After a run of four defeats at the start of the 1925–26 season, Harkus was dropped in favour of Stan Woodhouse. In October, Saints appointed Arthur Chadwick as manager, who re-instated Harkus in the team at the expense of Campbell in November; he retained the left-back place for the rest of the season. In the 1926–27 season, Chadwick settled on his favoured line-up with eleven players featuring in at least 35 of the 42 league games; this included a half back line-up of Bert Shelley, Harkus (in the centre) and Woodhouse on the left, in front of full-backs Michael Keeping and Ted Hough. Described by Holley & Chalk as "a man of dynamic personality" and "tremendously energetic and enthusiastic, he was a natural captain who put so much into a game that, when the 90 minutes were up, he was often all in." Harkus featured strongly in Saints' run to their second FA Cup semi-final in two years, this time losing 2–1 to Arsenal at Stamford Bridge on 26 March 1927.

Although Harkus never received full international honours he came close, joining an F.A. tour of Canada in 1926, along with teammates Michael Keeping and Bill Rawlings.

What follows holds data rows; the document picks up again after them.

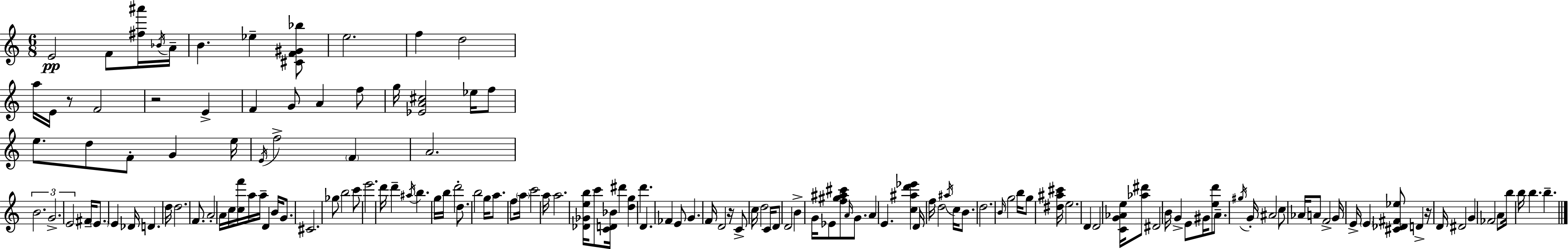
{
  \clef treble
  \numericTimeSignature
  \time 6/8
  \key a \minor
  \repeat volta 2 { e'2\pp f'8 <fis'' ais'''>16 \acciaccatura { bes'16 } | a'16-- b'4. ees''4-- <cis' f' gis' bes''>8 | e''2. | f''4 d''2 | \break a''16 e'16 r8 f'2 | r2 e'4-> | f'4 g'8 a'4 f''8 | g''16 <ees' a' cis''>2 ees''16 f''8 | \break e''8. d''8 f'8-. g'4 | e''16 \acciaccatura { e'16 } f''2-> \parenthesize f'4 | a'2. | \tuplet 3/2 { b'2. | \break g'2.-> | e'2 } fis'16-- \parenthesize e'8. | e'4 des'16 d'4. | d''16 d''2. | \break f'8. a'2-. | a'16 c''16 <c'' f'''>16 a''16 a''16-- d'4 b'16 g'8. | cis'2. | ges''8 b''2 | \break c'''8 e'''2. | d'''16 d'''4-- \acciaccatura { ais''16 } b''4. | g''16 b''16 d'''2-. | d''8. b''2 g''16 | \break a''8. f''8 \parenthesize a''16 c'''2 | a''16 a''2. | <des' ges' e'' b''>16 c'''8 <c' d' bes'>16 dis'''4 <d'' g''>4 | d'''4. d'4. | \break fes'4 e'8 g'4. | f'16 d'2 | r16 c'8-> c''16 d''2 | c'16 d'8 d'2 b'4-> | \break g'16 ees'8 <f'' gis'' ais'' cis'''>8 \grace { a'16 } g'8. | a'4 e'4. <c'' ais'' d''' ees'''>4 | d'16 f''16 d''2 | \acciaccatura { ais''16 } c''16 b'8. d''2. | \break \grace { b'16 } g''2 | b''16 g''8 <dis'' ais'' cis'''>16 e''2. | d'4 d'2 | <c' g' aes' e''>16 <aes'' dis'''>8 dis'2 | \break b'16 g'4-> e'8 | gis'16 <e'' d'''>8 a'8.-- \acciaccatura { gis''16 } g'16-. ais'2 | c''8 aes'16 a'8 f'2-> | g'16 e'16-> \parenthesize e'4 <cis' des' fis' ees''>8 | \break d'4-> r16 d'16 dis'2 | g'4 fes'2 | a'8 b''16 b''16 b''4. | b''4.-- } \bar "|."
}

In the 1927–28 season, Harkus continued as team captain and missed only one match as Saints again finished in the lower half of the table. For the next two seasons his appearances were more irregular as age and injuries caught up with him. In the summer of 1930 he decided to quit; Southampton were reluctant to release him from his registration and placed a transfer fee of £750 on his head. In his initial seven-year period with Southampton he made 233 appearances (with five goals); all his league matches were in the Second Division in a period during which the Saints struggled financially and were generally forced to sell their better players to survive.

===Sojourn abroad===
Harkus spent the rest of 1930 in France with Lyon OU, before returning to England. After an unsuccessful trial with Oldham Athletic, he settled in New Milton where he ran the Wheatsheaf Public House, and turned out for the Hampshire League team New Milton Town.

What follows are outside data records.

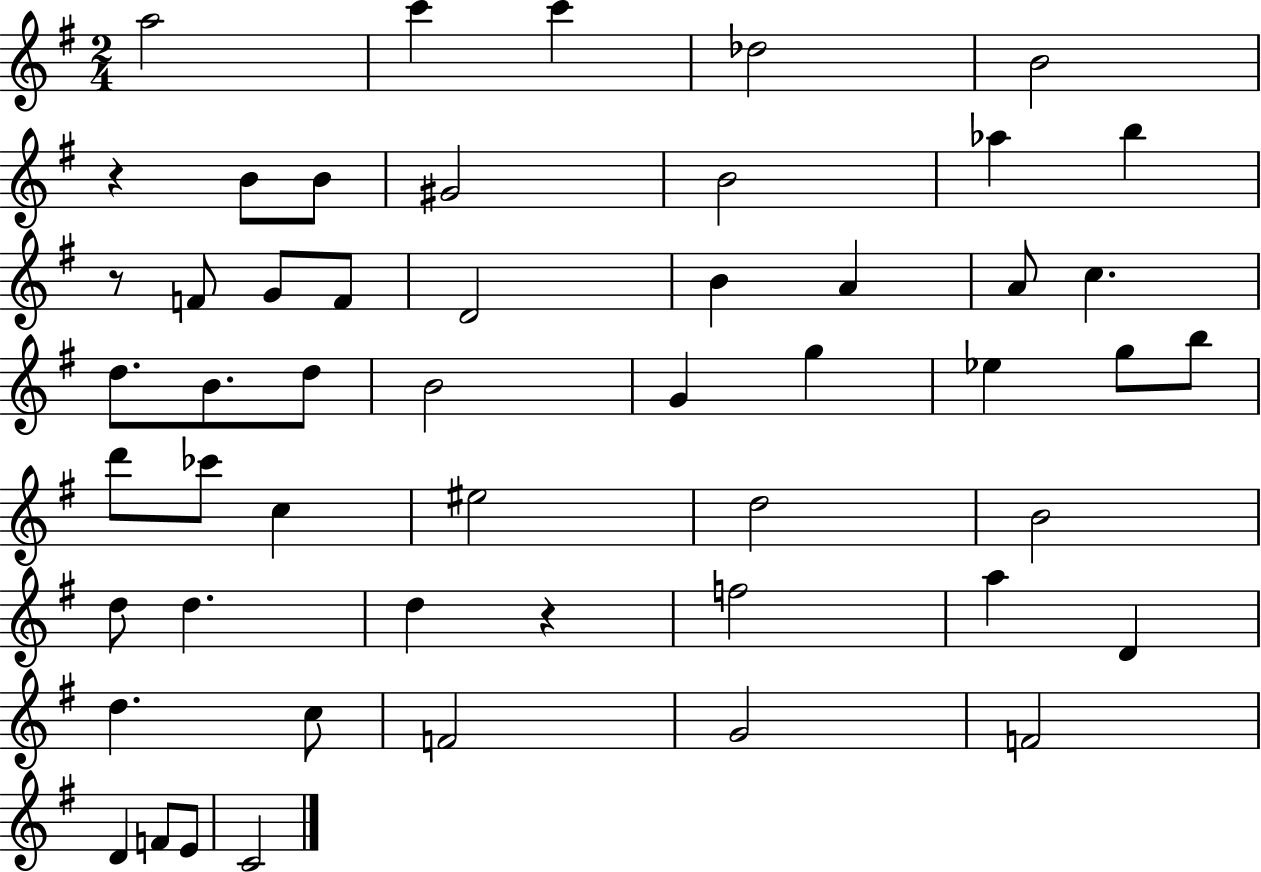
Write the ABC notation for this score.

X:1
T:Untitled
M:2/4
L:1/4
K:G
a2 c' c' _d2 B2 z B/2 B/2 ^G2 B2 _a b z/2 F/2 G/2 F/2 D2 B A A/2 c d/2 B/2 d/2 B2 G g _e g/2 b/2 d'/2 _c'/2 c ^e2 d2 B2 d/2 d d z f2 a D d c/2 F2 G2 F2 D F/2 E/2 C2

===Return to Southampton===
In February 1932, Southampton were facing an injury crisis with Alec Campbell, Johnny McIlwaine and Bert Jepson amongst the injured. Manager George Kay called on Harkus's services for two matches, against Wolverhampton Wanderers and Bradford both of which resulted in defeats.

===Later career===
He then moved to Lancashire to join Southport as a player-coach, but was seriously injured in a reserve team match against Barrow, preventing him making any first-team appearances. He did, however, join Boston United for the 1933–34 season making 16 appearances in the Midland League.

==Military career==
After retiring from football, Harkus took up employment with the Ministry of Labour in London. On the outbreak of the Second World War, he joined the Royal Air Force and, serving in the Middle East, he attained the rank of flight lieutenant. In the birthday honours list for 1949, Harkus was awarded the M.B.E. for "keeping up the morale in the forces whilst stationed in the Middle East".

He remained in the R.A.F. after the war and continued his links with football. He had recently been appointed to their selection committee before his death at Southampton on 28 September 1950, shortly after his 52nd birthday, following an illness.